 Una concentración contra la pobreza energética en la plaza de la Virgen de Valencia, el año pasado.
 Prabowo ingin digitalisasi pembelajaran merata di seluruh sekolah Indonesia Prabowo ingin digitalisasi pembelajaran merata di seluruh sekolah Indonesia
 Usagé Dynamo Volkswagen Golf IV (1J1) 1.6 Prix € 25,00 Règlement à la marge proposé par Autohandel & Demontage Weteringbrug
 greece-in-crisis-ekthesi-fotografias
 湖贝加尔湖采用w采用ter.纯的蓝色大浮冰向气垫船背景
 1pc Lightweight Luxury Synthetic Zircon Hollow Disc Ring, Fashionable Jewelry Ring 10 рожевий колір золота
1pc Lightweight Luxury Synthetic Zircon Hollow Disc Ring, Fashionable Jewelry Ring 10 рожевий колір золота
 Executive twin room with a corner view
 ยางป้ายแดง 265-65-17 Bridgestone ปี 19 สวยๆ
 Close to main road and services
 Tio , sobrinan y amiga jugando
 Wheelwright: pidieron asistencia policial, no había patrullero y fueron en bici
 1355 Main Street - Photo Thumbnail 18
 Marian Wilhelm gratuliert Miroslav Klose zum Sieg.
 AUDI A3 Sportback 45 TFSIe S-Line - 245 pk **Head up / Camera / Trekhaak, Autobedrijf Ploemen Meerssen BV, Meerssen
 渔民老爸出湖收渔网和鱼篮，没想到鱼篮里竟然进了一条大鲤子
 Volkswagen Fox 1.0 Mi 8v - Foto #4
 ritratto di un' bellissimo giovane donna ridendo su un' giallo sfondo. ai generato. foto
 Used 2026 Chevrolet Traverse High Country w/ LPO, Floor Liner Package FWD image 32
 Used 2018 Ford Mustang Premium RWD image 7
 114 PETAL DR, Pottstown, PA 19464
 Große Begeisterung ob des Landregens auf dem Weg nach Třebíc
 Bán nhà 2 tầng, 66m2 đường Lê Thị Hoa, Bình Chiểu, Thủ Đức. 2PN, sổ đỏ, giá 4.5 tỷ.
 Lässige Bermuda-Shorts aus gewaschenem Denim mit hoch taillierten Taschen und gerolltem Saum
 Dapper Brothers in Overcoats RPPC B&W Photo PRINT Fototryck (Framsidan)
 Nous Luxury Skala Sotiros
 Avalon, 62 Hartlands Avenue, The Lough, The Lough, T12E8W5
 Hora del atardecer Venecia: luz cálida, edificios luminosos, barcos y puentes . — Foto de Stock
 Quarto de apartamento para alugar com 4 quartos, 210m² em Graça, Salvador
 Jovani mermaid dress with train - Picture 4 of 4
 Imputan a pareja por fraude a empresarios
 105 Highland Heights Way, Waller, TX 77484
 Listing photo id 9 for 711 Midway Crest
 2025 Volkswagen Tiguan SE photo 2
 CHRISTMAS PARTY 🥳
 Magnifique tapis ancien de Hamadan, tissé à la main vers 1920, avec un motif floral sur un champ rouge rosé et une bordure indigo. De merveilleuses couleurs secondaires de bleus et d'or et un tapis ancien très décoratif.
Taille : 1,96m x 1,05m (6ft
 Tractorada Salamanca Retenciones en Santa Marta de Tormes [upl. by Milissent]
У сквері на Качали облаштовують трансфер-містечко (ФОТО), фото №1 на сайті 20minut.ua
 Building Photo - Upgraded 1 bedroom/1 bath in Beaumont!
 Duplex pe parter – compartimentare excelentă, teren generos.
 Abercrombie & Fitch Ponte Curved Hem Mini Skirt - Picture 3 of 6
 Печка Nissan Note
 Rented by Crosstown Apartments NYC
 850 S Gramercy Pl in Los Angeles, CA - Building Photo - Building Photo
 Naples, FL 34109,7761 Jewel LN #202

----

▸ **What needs to be done**:
Check each line of the listing above for the word "Volkswagen". Then state how many lines have it, and nothing further.

▸ **The answer**:
3